De doorlopen subsidieaanvraagprocedure
5. Het college heeft ervoor gekozen om de uitvoering van al het maatschappelijk werk in de gemeente met ingang van 1 januari 2024 te bekostigen via subsidieverlening door middel van een subsidietender (de subsidietender Maatschappelijke ondersteuning gemeente Heerlen 2024-2027). In het subsidietenderdocument staat onder meer hoe een aanvraag wordt beoordeeld. Als een aanvraag voldoet aan de ‘formele’ criteria en er geen weigeringsgrond is, wordt de aanvraag beoordeeld aan de hand van de toetsingscriteria. De toetsingscriteria zijn in het subsidietenderdocument opgesomd met uitleg per toetsingscriterium. Verder zijn de per toetsingscriterium te behalen scores opgenomen met daarbij een toelichting per score. In het subsidietenderdocument staat dat de aanvraag met het hoogste cumulatieve aantal punten op alle toetsingscriteria wordt toegewezen. De beoordeling aan de hand van de toetsingscriteria wordt gemaakt door een deskundig beoordelingsteam. In het subsidietenderdocument staat welke expertise de beoordelaars hebben en dat een onafhankelijke voorzitter, de procesbegeleider, het beoordelingsteam aanstuurt.

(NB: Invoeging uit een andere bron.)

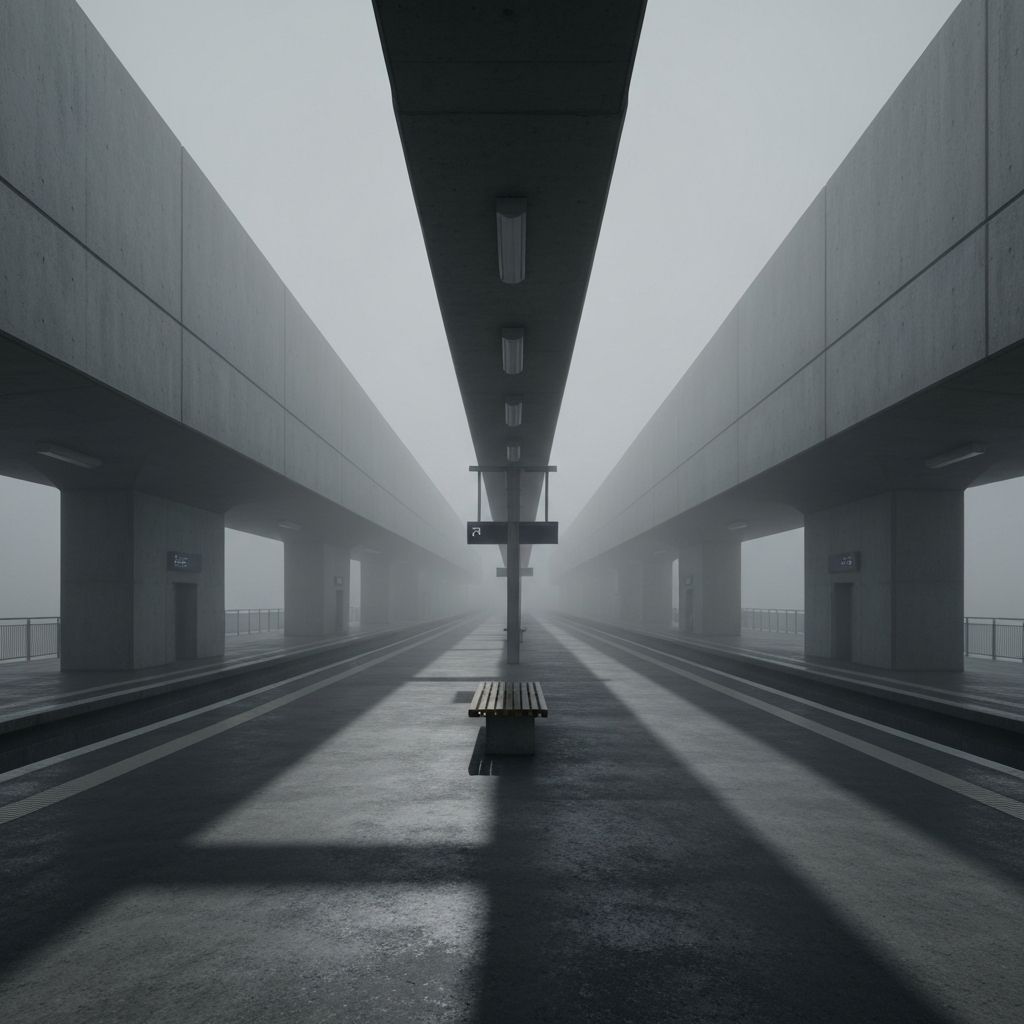 Empty train platform in fog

6. [verzoekster] en [belanghebbende] hebben allebei een subsidieaanvraag gedaan. Zij hebben ook allebei aan de ‘formele’ criteria voor subsidieverlening voldaan en er zijn in beide gevallen geen weigeringsgronden die aan subsidieverlening in de weg staan. De beoordeling van de aanvragen aan de hand van de toetsingscriteria heeft voor [verzoekster] geresulteerd in (een gewogen score) van 52,5 punten en voor [belanghebbende] in (een gewogen) score van 85,5 punten. Het college heeft de aanvraag van [belanghebbende] daarom met het besluit van 14 november 2023 toegewezen en de aanvraag van [verzoekster] met een besluit van gelijke datum afgewezen.
De verzoeken om een voorlopige voorziening
7. [verzoekster] vraagt de voorzieningenrechter, samengevat:
het verzoek om een voorlopige voorziening toe te wijzen;
het toewijzende besluit te schorsen tot zes weken na de bekendmaking van de beslissing op bezwaar;
te bepalen dat (a) het college aan [verzoekster] voorlopig, tot zes weken na de beslissing op bezwaar, subsidie dient te verlenen voor het uitvoeren van de maatschappelijke ondersteuning en welzijnswerk in de gemeente Heerlen, althans te bepalen dat (b) het college ex artikel 160, eerste lid, sub d, van de Gemeentewet dient te besluiten de overeenkomst van opdracht met [verzoekster] voor die periode dient te verlengen;
het college te veroordelen in de proceskosten van [verzoekster] .
Connexiteit tussen verzoeken en besluiten
8. In artikel 8:81 van de Algemene wet bestuursrecht (hierna: ‘Awb’) is bepaald dat, indien tegen een besluit bij de rechtbank beroep is ingesteld dan wel, voorafgaand aan een mogelijk beroep bij de rechtbank, bezwaar is gemaakt, de voorzieningenrechter van de rechtbank die bevoegd is of kan worden in de hoofdzaak op verzoek een voorlopige voorziening kan treffen, indien onverwijlde spoed, gelet op de betrokken belangen, dat vereist.
9. Uit de functie van artikel 8:81 van de Awb vloeit voort dat een verzoek om een voorlopige voorziening moet voldoen aan de vereisten van formele en materiële connexiteit.